The worried look upon the countenances of these people made me think for a moment. If local people like these were concerned, maybe I should be too. However, I still felt that they were overly cautious, like the book and other hikers I had encountered.
They could see that I was intent on making the trek in one day so they didn't argue with me too much. They did warn me that the last cable car down was at five o'clock that night, after that I would be stuck at the top. I confidently absorbed the information, thanked them again for their help and generosity, and then started along the path to the tallest mountain in the Tokyo region.
The beginning part of the trail was very well worn and the grade was less acute than the trail I had just climbed. I was surrounded by a beautiful mosaic of green yet it was dryer and the trees were not as dense as they had been on the first phase of my journey. As I strolled briskly up the trail I came upon a sign to the left. Of course it was written completely in Japanese but I was able to guess at its meaning by the picture of a ferocious looking little bear on it. The bears in this part of Japan are much smaller than the bears where I come from but that doesn't mean that they could or should be taken lightly. A wild animal must be respected no matter what the size or species. In their world it is truly survival of the fittest, and if they see you as a threat to their survival in any way, you can get hurt or even killed.
Although I couldn't read the sign, I assumed that the same rules applied to Japanese bears as the bears in my neck of the woods. Make sure you are noisy enough so that you don't risk surprising them, if you encounter one, back away slowly, and whatever you do - don't run! If they did attack for whatever reason, drop into a fetal position and cover your vitals organs and your head. The other slightly risky option is to run downhill. Bears have been known to run as fast as horses but they are very clumsy when they go downhill.
I walked past the sign, keeping the picture of the ferocious little creature tucked away in the back of my mind. As I made my way up the meandering trail through the warm, fragrant woods, I passed by numerous markers. I pulled out my photocopied map of the trail, which had the names of the various peaks written in Japanese Kanji.
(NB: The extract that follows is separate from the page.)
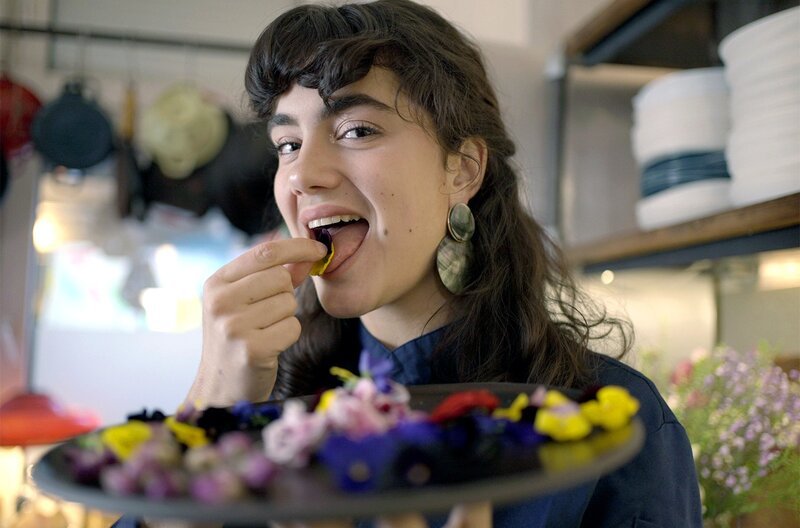 Lucie lädt ein, die Vielfalt essbarer Blüten zu entdecken. – Bild: Benjamin Wistorf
I compared the names on the map to the ones posted on the signs to ensure I was following the correct paths, as there were places where other paths could be chosen.
It was about noon now and I started to hike fast, I wanted to make good time just in case the warnings I had received earlier were even remotely accurate. I passed by a little cabin, which I assumed was probably used for emergencies. The Japanese are always so well prepared I remember thinking. A trail similar to this where I come from wouldn't be so conveniently marked for distance and direction, and very rarely would there be a shelter along the way. An unattended shelter like the one on this trail would most likely be vandalized within months of completion in the North American wilderness. It's unfortunate and made me reflect again at the differences between the two cultures.
All along the trail there were also plenty of benches for hikers to sit on and rest. I didn't use them though -- I was on a mission. If I didn't return before the last cable car at five o'clock not only would I be in a difficult spot, but I would also be very embarrassed. I had been so sure that I could make this trip in one day but now, having been faced with less optimistic estimates by the locals, a little cloud of doubt was hanging over my head. I started to break a good sweat as my legs churned swiftly along the trail. Every so often I would pass a couple of hikers who seemed to be walking leisurely along enjoy the sights. I envied them.
To get to the highest peak on this journey you had to first summit the two peaks that lay before Mount Kumotori. This makes the hike at times very easy and very difficult. The difficult part being the constant climbing to get to the peak and the easy part was coming down the other side through to the slight valley until you had to start climbing up the other mountain.
This part of the journey was also beautiful. I again took out my camera at several points along the way to take pictures. I was awe-struck by a beautiful ridge where the trees parted just enough at the tops to let crisp, shards of sunlight break through to the damp ground below. Again I was caught off guard by the beauty of this place. I marched on, not yet tired but forcing my heart to beat to the rhythm of a much higher tempo. The sweet smell of pine enveloped me as the sweat started to roll down my face, and the invigorating feeling of clean, fresh, mountain air entering my lungs brought on a familiar euphoria.
It was at that moment that I saw the movement of something unmistakably
wild out of the corner of my eye. My heart stopped, and I suddenly felt
the sharp jolt of adrenaline grip my body. I looked to my left at the
brushy embankment leading up to the side of the mountain and my eyes
fell upon two large powerful looking animals.